Effective Remote Work is a book about, well, remote work. The author, James Stanier, works for Shopify, a company with a long tradition of working remotely.
These past few years have been a large-scale experiment in working remotely for most tech companies. However, the way it happened was so abrupt and unprepared that many people had a miserable experience.
It’s time to correct that! Despite the bumpy start, many companies still offer at least hybrid work. It seems this practice is here to stay. This book is a great resource about making remote work effective, productive, and sustainable. Let’s go over some of the things it mentions.
No Second-class Citizens
The book advocates treating everybody as a remote worker. I like that goal. You start with basic stuff like ensuring you don’t forget to include remote people in meetings. But it goes beyond that. Are they included in decision-making? Do they have the same career opportunities as people going to the office daily?
Proper Onboarding
A good onboarding plan is a must whether you work remotely or not. Working remotely magnifies a bad experience. Sitting at home feeling helpless because you don’t know something is frustrating. Remote workers need to be able to unblock themselves, and you need to help them with that.
Durable Artifacts
This point completely matches my experience in the past three years of working remotely almost full-time. Collaboration around durable artifacts should be at the center of everything you do. If you don’t regularly create easily accessible documents, you’ll repeat the same conversations over and over. Or, even worse, decisions will happen ad-hoc in secret meetings.
Good technical writing makes written communication better. Go check Google’s courses for a great resource.
The Spectrum of Synchronousness
People might not answer immediately when you have a question. You need to balance between things that require synchronous communication and the ones that can wait. If you have worked with people in different time zones you’ll know what I mean.
The Remote Test
Similar to the Joel Test, the book ends with a list of criteria for remote work. The questions that help determine if you’re ready are:
- Do you treat everyone as remote?
- Do you provide a remote workspace setup?
- Do you spend money equally on in-office and remote staff?
- Do you optimize for asynchronous communication?
- Do you create artifacts from synchronous interactions?
- Do you measure staff by their impact?
- Do you allow staff to choose flexible hours?
- Are the members of the executive team remote workers?
- Do you use the best collaborative tools that money can buy?
- Do you hire staff anywhere in the world?
- Do you support families as well as employees?
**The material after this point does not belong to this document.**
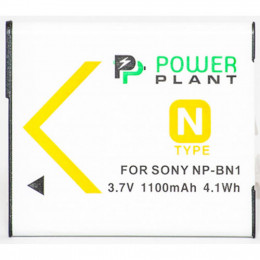 Аккумулятор к фото/видео PowerPlant Sony NP-BN1 (DV00DV1278) фото 1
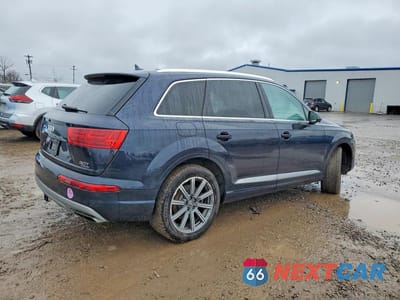 Trzecie zdjęcie samochodu z tyłu: 2018 AUDI Q7 PRESTIGE VIN:WA1VAAF75JD013778 - miniatura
- Do you give back to an employee’s local community?
Verdict
This book is very poignant now that remote work has normalized to a never-seen-before degree. Many companies have embraced the practice. Thus, it’s worth investing in understanding how to be effective in this environment. Compared to another book like Remote: Office Not Required, there’s a lot of actionable advice that you can apply starting today. It gets ⭐⭐⭐⭐ stars from me.